Pelo menos 15 mil hectares de vegetação do Cerrado do Norte de Minas foram destruídos para a produção ilegal de carvão que era usado em siderúrgicas localizadas na Região Metropolitana de Belo Horizonte (RMBH). A área desmatada sem autorização é do tamanho de 15 mil campos de futebol. Seis pessoas acusadas de crime ambiental tiveram as prisões preventivas decretadas pela juíza de Monte Azul, no Norte de Minas, Poliana Neves.

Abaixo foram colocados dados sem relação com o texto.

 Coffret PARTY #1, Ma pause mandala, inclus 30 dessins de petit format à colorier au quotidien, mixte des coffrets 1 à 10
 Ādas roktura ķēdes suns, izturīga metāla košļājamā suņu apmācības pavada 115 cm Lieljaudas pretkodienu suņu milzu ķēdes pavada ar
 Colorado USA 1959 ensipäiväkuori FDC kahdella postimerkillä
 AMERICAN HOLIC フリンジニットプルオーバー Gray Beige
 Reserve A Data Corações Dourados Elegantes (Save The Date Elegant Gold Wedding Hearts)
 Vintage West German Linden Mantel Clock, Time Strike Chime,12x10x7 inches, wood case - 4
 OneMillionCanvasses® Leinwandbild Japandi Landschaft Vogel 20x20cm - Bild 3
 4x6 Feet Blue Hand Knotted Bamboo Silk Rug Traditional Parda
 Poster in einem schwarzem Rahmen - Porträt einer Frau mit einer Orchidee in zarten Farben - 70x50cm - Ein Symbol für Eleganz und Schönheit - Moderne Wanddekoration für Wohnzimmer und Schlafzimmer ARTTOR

O Ministério Público (MP), que nesta terça-feira (13) realizou a operação Corcel Negro II, apurou que o carvão que vinha do Norte de Minas abastecia a Companhia Siderúrgica Matozinhos (Cosimat). Segundo o promotor Fabrício Lopo, a empresa que tinha entre os sócios Carlos Murta, que teve a prisão decretada, tem uma dívida de pelo menos R$ 60 milhões de impostos estaduais atrasados e multas ambientais que não foram pagas.

O promotor Fabrício Lopo informou que o esquema de uso de carvão do Cerrado era comandando por Ennes Gontijo, ex-proprietário da Usifar, empresa que faliu em 1994. As investigações da Promotoria de Meio Ambiente apontam que Ennes Gontijo usou laranjas para montar a Cosimat, entre eles Gildásio Esteves Lima, ex-funcionário da Usifer.

O MP apurou que os lucros da Cosimat eram enviados para empresas registradas em nome dos filhos de Ennes Gontijo, entre elas a ADE Táxi Aéreo. A Receita Estadual informou que a dívida de Imposto Sobre Circulação e Serviços (ICMS) da Usifer e Cosimat é de no mínimo R$ 35 milhões.

O carvão vegetal vinha principalmente das cidades de São Francisco, Espinosa, Monte Azul e Januária. Conforme consta no inquérito do Ministério Público, a quadrilha usava notas fiscais falsas que indicavam que o carvão era de matas reflorestadas dos estados da Bahia e Pernambuco. Segundo estimativa do promotor Fabrício Lopo, pelo menos 48 mil metros cubos de carvão do Cerrado foram usados nas siderúrgicas desde 2002.

O carvão também era vendido para indústrias das cidades de Sete Lagoas, Juatuba, Mateus Leme, e Capim Branco. Na Cosimat, em Matozinhos, ninguém foi encontrado para falar sobre o assunto. Os promotores e policiais militares que participaram da operação apreenderam documentos, computadores e cópias de notas fiscais. Todo material será periciado e será anexado ao processo que tramita na Justiça de Monte Azul.